- **EXERCISE DATA**
-------------------------

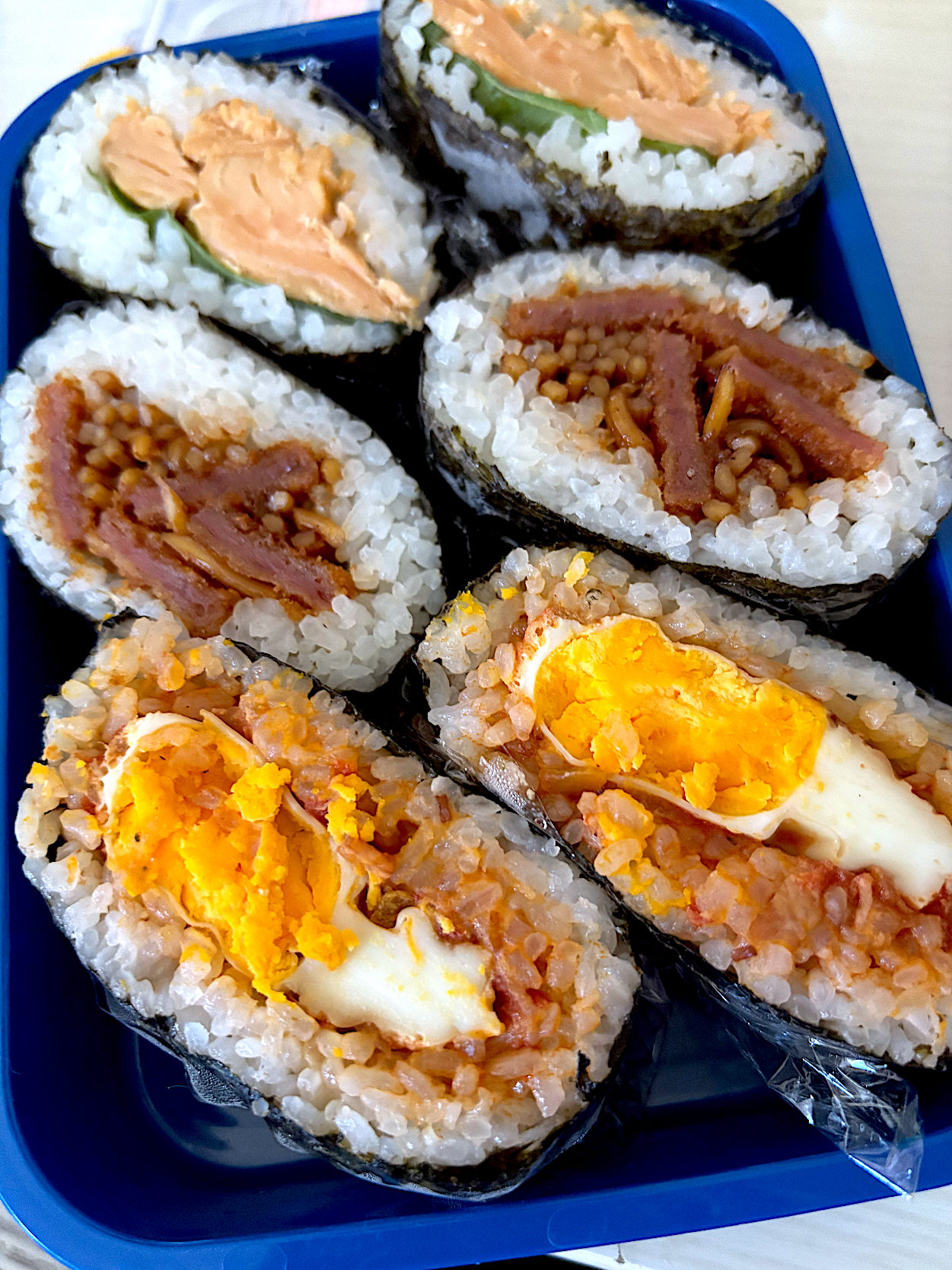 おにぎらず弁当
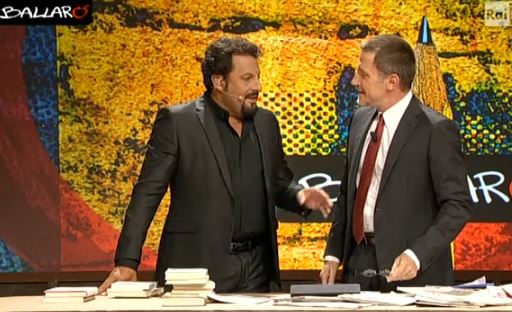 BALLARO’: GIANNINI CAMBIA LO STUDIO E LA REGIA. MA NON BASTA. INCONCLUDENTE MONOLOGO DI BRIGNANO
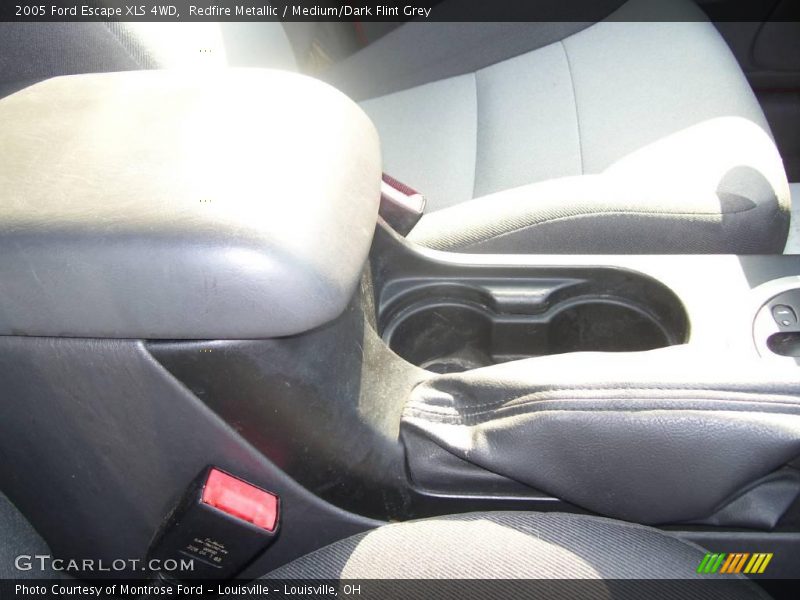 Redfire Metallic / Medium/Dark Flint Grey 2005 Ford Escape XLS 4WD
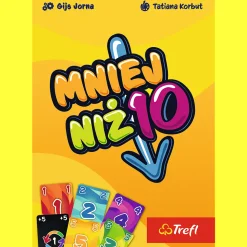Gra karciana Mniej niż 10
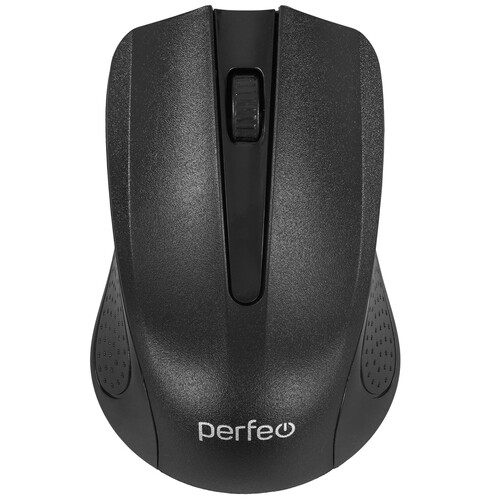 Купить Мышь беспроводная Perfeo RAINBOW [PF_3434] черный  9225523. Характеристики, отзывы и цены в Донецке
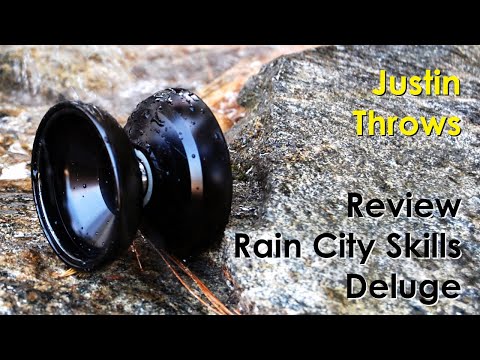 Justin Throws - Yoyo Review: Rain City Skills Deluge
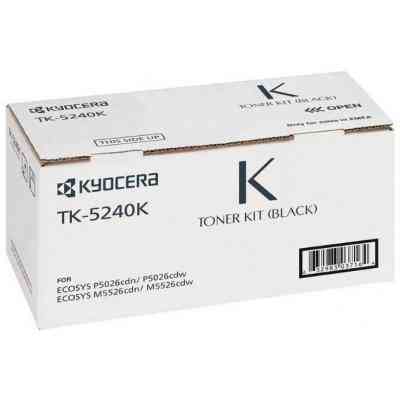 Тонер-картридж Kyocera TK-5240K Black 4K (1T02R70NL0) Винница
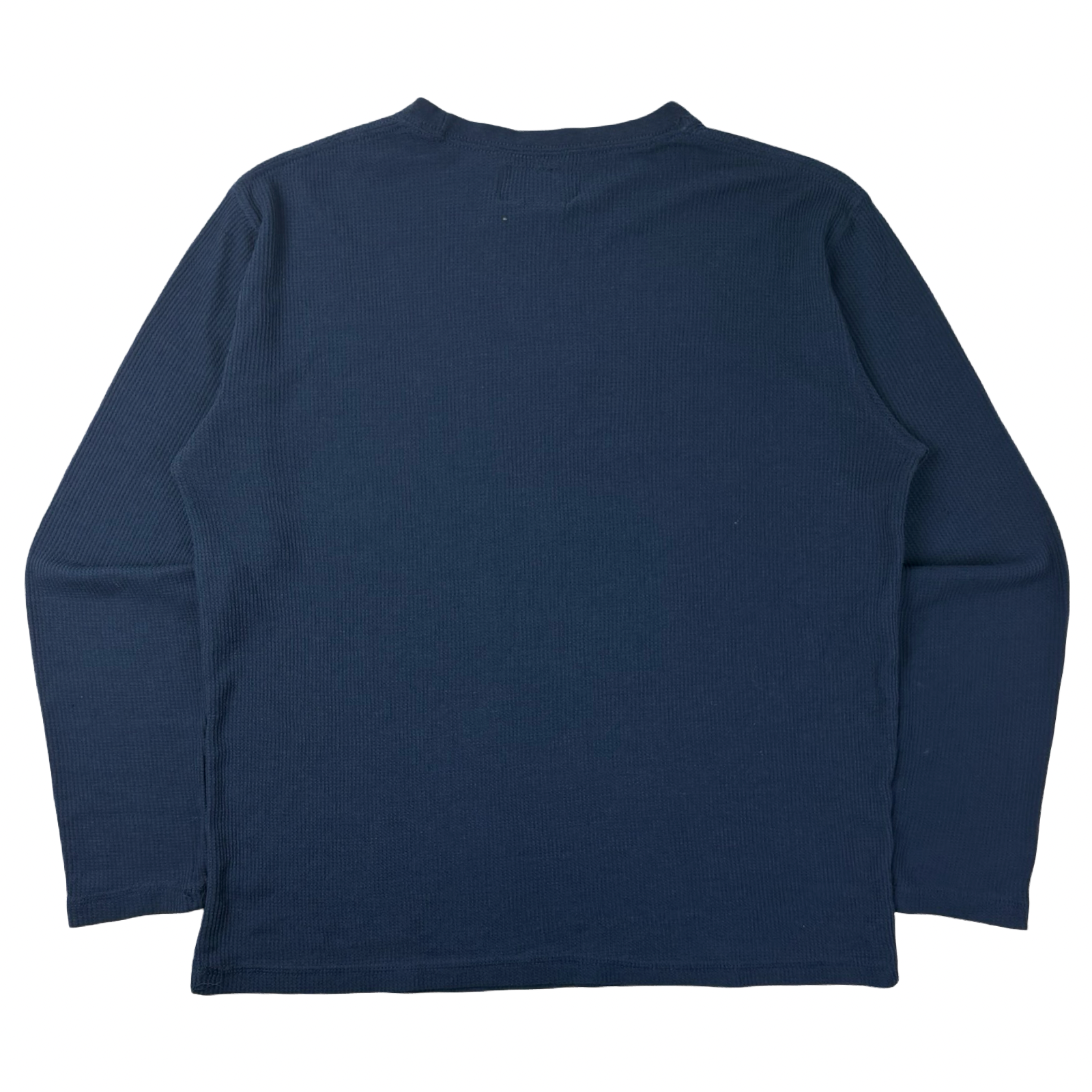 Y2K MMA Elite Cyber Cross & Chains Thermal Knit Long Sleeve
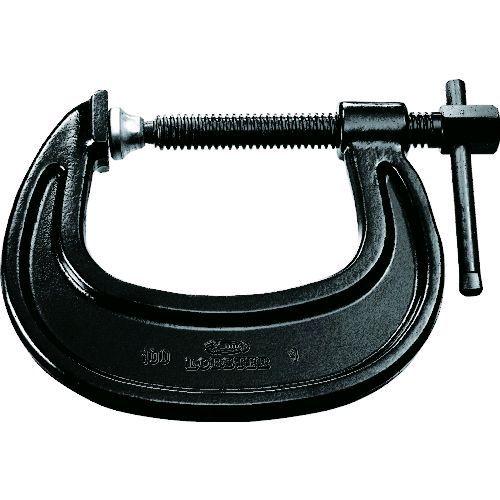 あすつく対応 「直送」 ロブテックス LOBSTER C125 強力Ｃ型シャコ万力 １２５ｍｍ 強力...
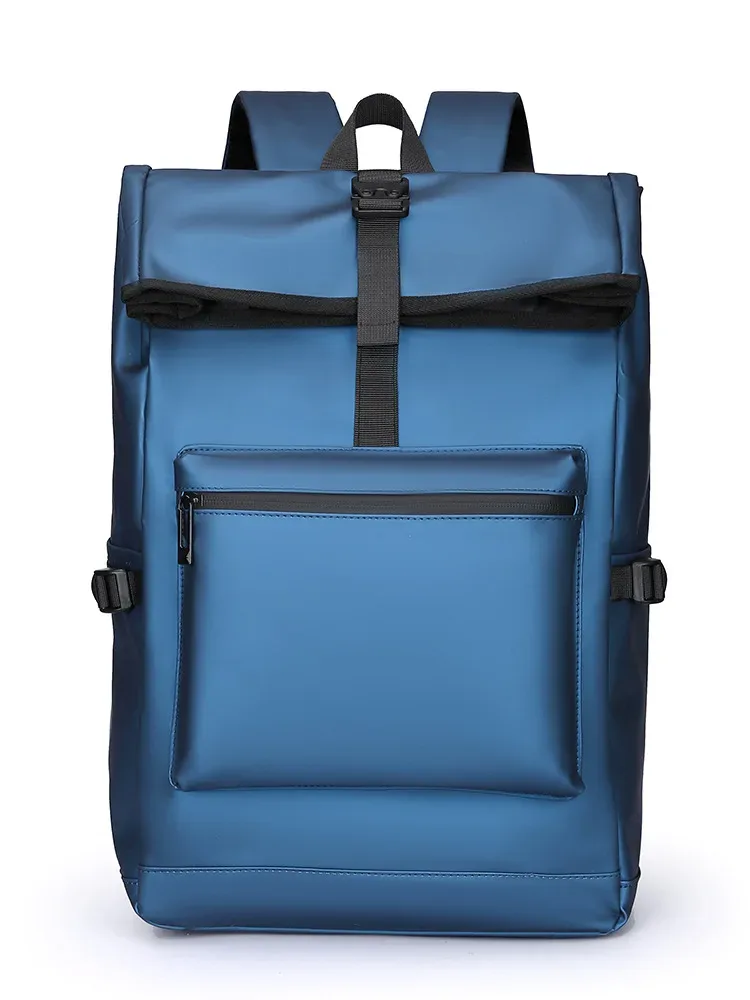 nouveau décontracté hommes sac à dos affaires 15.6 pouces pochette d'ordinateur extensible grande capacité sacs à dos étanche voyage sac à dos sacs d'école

-------------------------

- **TASK DETAILS**
Each entry above should be written out verbatim, minus its pictures.

- **EXERCISE SOLUTION**
 おにぎらず弁当
 BALLARO’: GIANNINI CAMBIA LO STUDIO E LA REGIA. MA NON BASTA. INCONCLUDENTE MONOLOGO DI BRIGNANO
 Redfire Metallic / Medium/Dark Flint Grey 2005 Ford Escape XLS 4WD
Gra karciana Mniej niż 10
 Купить Мышь беспроводная Perfeo RAINBOW [PF_3434] черный  9225523. Характеристики, отзывы и цены в Донецке
 Justin Throws - Yoyo Review: Rain City Skills Deluge
 Тонер-картридж Kyocera TK-5240K Black 4K (1T02R70NL0) Винница
 Y2K MMA Elite Cyber Cross & Chains Thermal Knit Long Sleeve
 あすつく対応 「直送」 ロブテックス LOBSTER C125 強力Ｃ型シャコ万力 １２５ｍｍ 強力...
 nouveau décontracté hommes sac à dos affaires 15.6 pouces pochette d'ordinateur extensible grande capacité sacs à dos étanche voyage sac à dos sacs d'école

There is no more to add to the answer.